Morals don’t matter anymore, provided they get a platform to expose their bodies. On the contrary, going traditional via dressing is the best thing that can ever happen to you.

The elegance, graceful look and the beauty the Mushanana gives is far incomparable to the funny low-cut jeans that only expose ugly stretch marks to people who are less interested in seeing them.

And if I may ask, does it ever cross your mind that it’s the western culture you’re promoting instead of yours? I can never forgive anyone who brings down my valuable culture and traditions. Infact, the courts should try you for there is no bigger treason than this.

Watching those drugged movie stars only motivates you to dressup like them! I am sorry for you, you are totally confused and you lack focus.
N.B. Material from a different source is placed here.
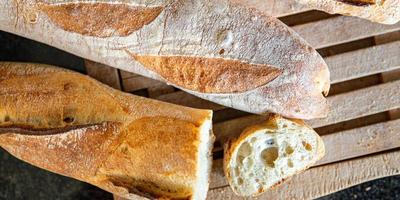 baguette bread seeds french fresh meal food snack on the table copy space food photo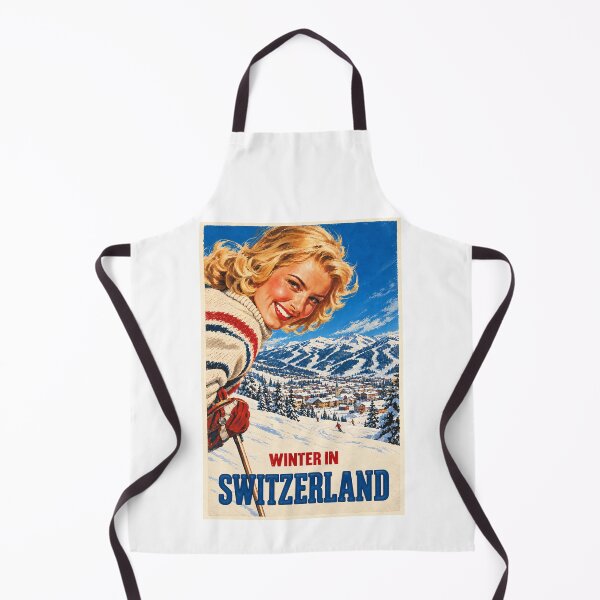 Item preview, Vintage Ski Poster Winter In Switzerland designed and sold by dressedupmule.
While nations spend fortunes on Rwanda’s local jewelry and traditional wear, you are happily shunning it! Like the Kinyarwanda saying goes, ‘uwambaye ikirezi ntamenya ko kyera’, other words you can never know what you have until you lose it.

Mark you, going traditional doesn’t mean wearing bark cloth, we are past that. There are very many distinguished well designed African attires that one can wear and leave a remarkable fashion statement.

For example, a ‘kitenge little dress’ with the right accessories gives the natural charm of a princes while too much of Western revealing dresses will only confirm your being a copy cat. No wonder Nigerians develop every second. They make and cherish their own designs.

The logic is using what they have to get what they lack. And before we even buy those fake Korean hair pieces, why don’t we opt for having that natural African look? I idolize African models with their natural hair or bald heads and long African home made dresses.

You only know that after facing the bitter consequences. Recently a woman, trying hard to be “An American in summertime” almost got herself raped. With her skimpy skirt, she bent over to look through second hand cloths in a market and horny man almost did the unthinkable.

And if you are not an ambassador for your culture, who else will be? It’s important that we keep our future generations posted about our culture and the best way to do this is through living it, dressing it and looking it.

Or else, goodluck in your ‘copy cat’ endeavors.